• _TASK PROMPT_:
Write out every entry precisely as given, leaving the pictures out.

(Short web captions)
__________
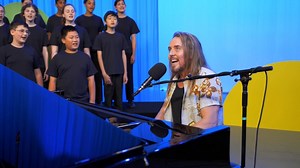 When I Grow Up - ABC Education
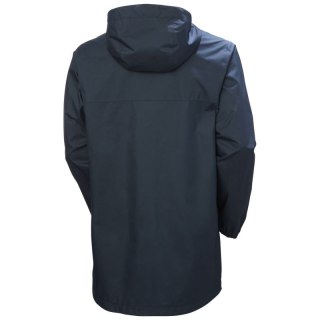 Kurtka Helly Hansen Vancouver Rain Coat M 54097 597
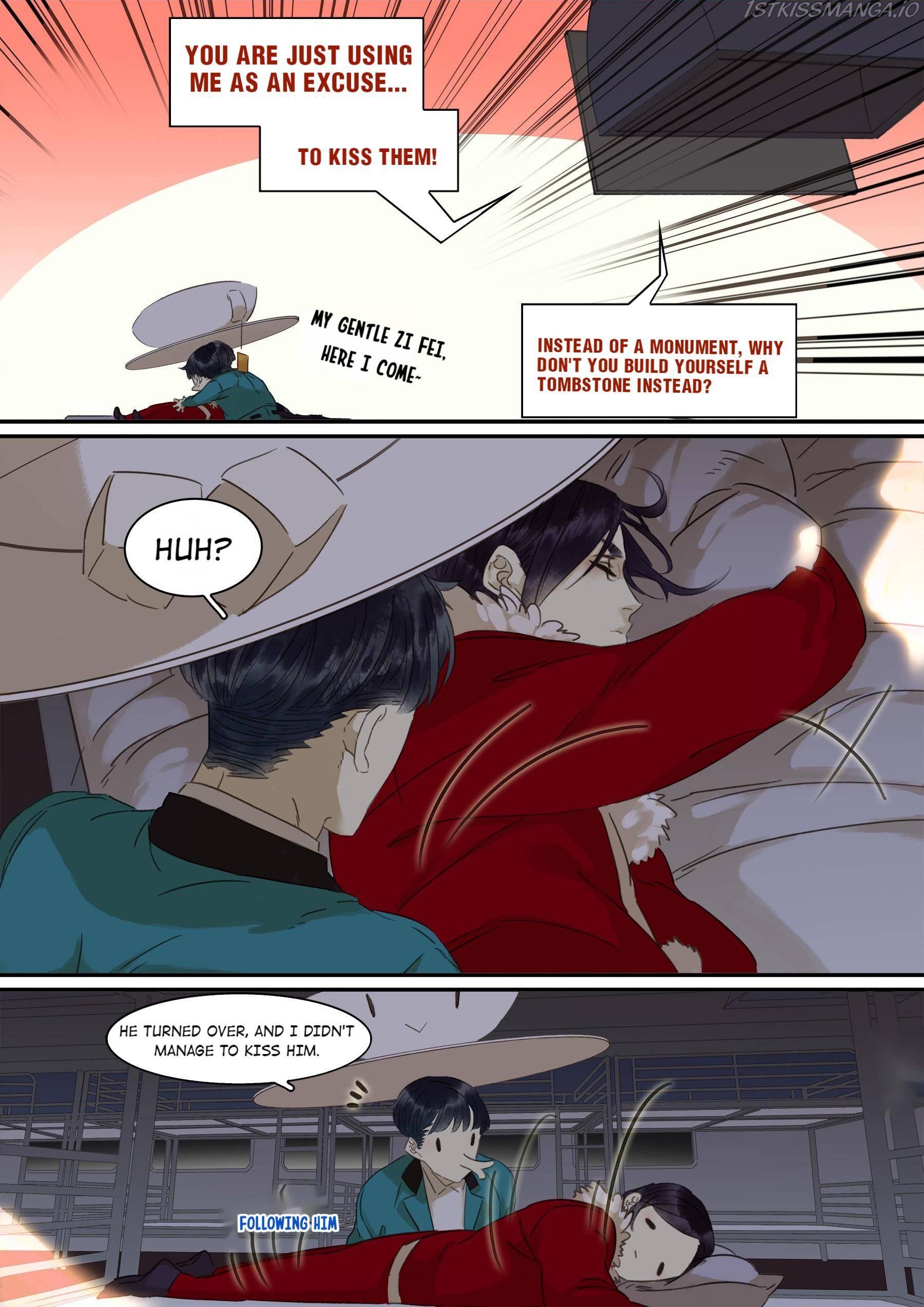 Residents of District 37 Chapter 73 - page 4
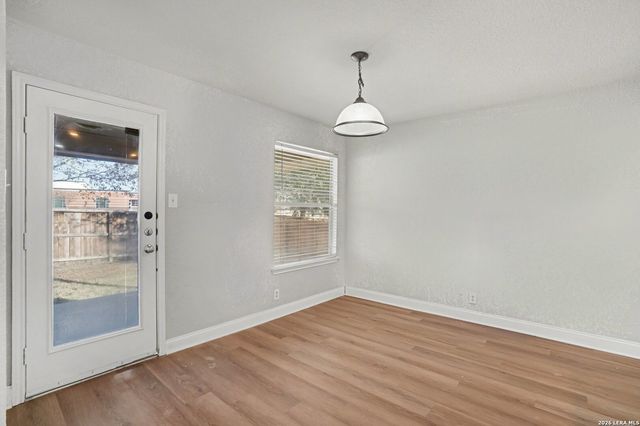 7119 Capricorn Way, Converse, TX 78109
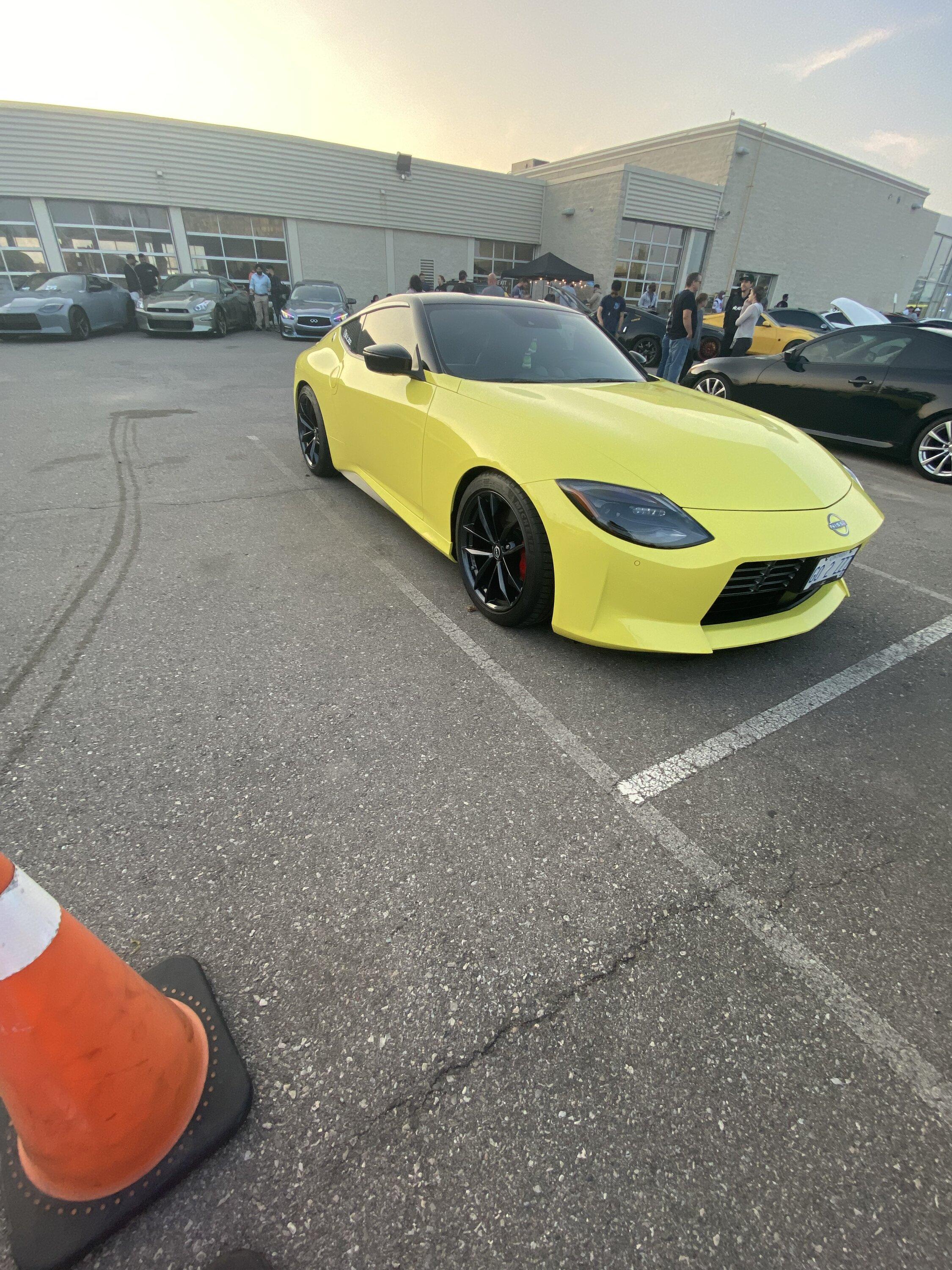 IMG_3877.jpeg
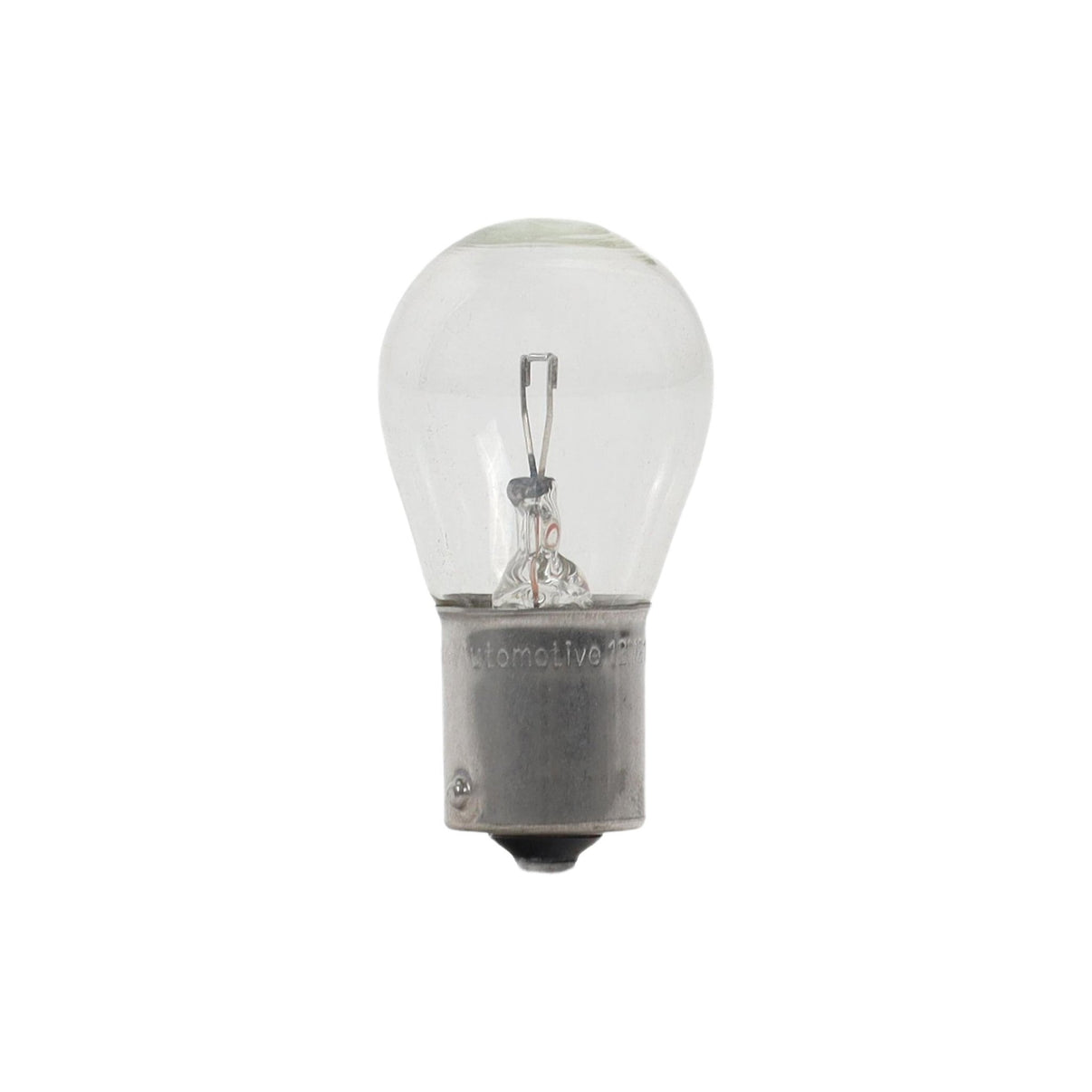 Halogenlampa - Carlevel AB - Fordon och delar > Fordonsdelar > Belysning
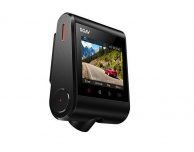 Anker Roav C1, la dash cam che si collega all’iPhone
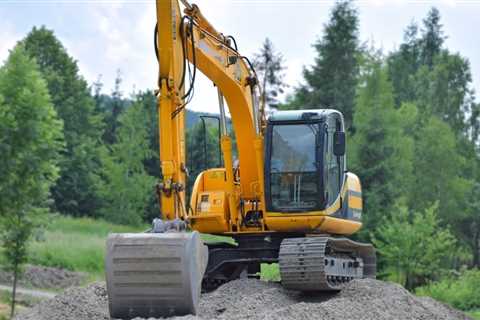 The Many Roles of Chief Marketing Officer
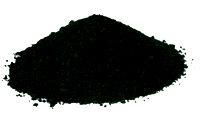 造紙黑色漿專用色素炭黑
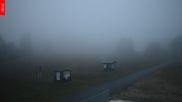 Archiviertes Webcam Bild: Severák - Adrenalin Park am 11.10.2026 um 07:09 Uhr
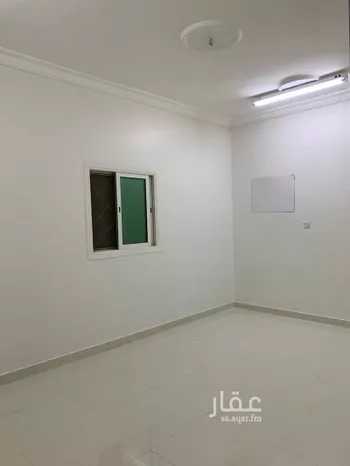 شقة للإيجار في شارع أبي القاسم السبتي, حي الرمال, مدينة الرياض, منطقة الرياض صورة 5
__________
• _REPLY_:
 When I Grow Up - ABC Education
 Kurtka Helly Hansen Vancouver Rain Coat M 54097 597
 Residents of District 37 Chapter 73 - page 4
 7119 Capricorn Way, Converse, TX 78109
 IMG_3877.jpeg
 Halogenlampa - Carlevel AB - Fordon och delar > Fordonsdelar > Belysning
 Anker Roav C1, la dash cam che si collega all’iPhone
 The Many Roles of Chief Marketing Officer
 造紙黑色漿專用色素炭黑
 Archiviertes Webcam Bild: Severák - Adrenalin Park am 11.10.2026 um 07:09 Uhr
 شقة للإيجار في شارع أبي القاسم السبتي, حي الرمال, مدينة الرياض, منطقة الرياض صورة 5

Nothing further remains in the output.